> _EXERCISE DETAILS_
Please give back, exactly as written, the lines from the line with "102e uitnodiging van Birthday (Voorkant)" to the line with "Dream of building" in the listing below, leaving out all pictures.

> _SUPPLIED DATA_

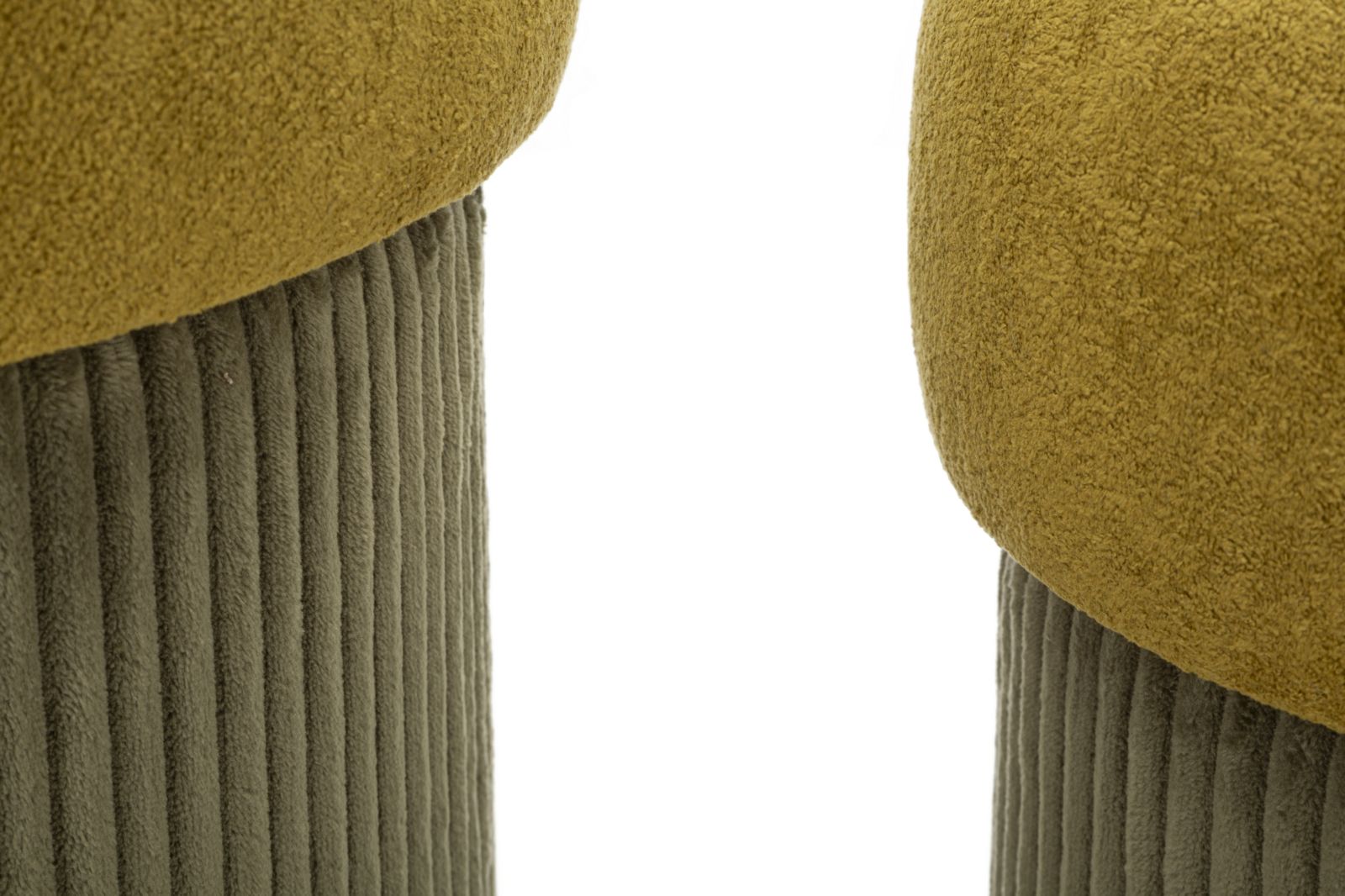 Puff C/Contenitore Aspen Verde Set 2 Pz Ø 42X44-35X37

* * *

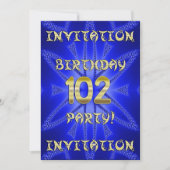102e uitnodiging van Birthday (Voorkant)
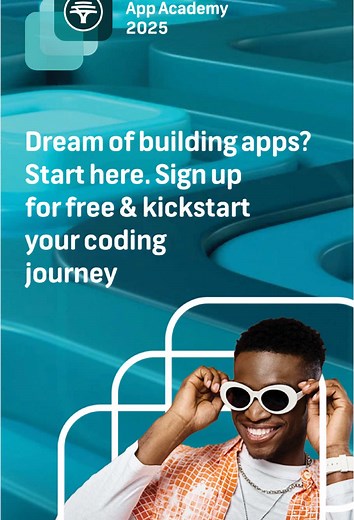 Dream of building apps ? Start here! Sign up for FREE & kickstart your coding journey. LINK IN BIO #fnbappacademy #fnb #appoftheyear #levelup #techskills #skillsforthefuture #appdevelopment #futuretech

> _RESULT FOR THIS EXERCISE_
102e uitnodiging van Birthday (Voorkant)
 Dream of building apps ? Start here! Sign up for FREE & kickstart your coding journey. LINK IN BIO #fnbappacademy #fnb #appoftheyear #levelup #techskills #skillsforthefuture #appdevelopment #futuretech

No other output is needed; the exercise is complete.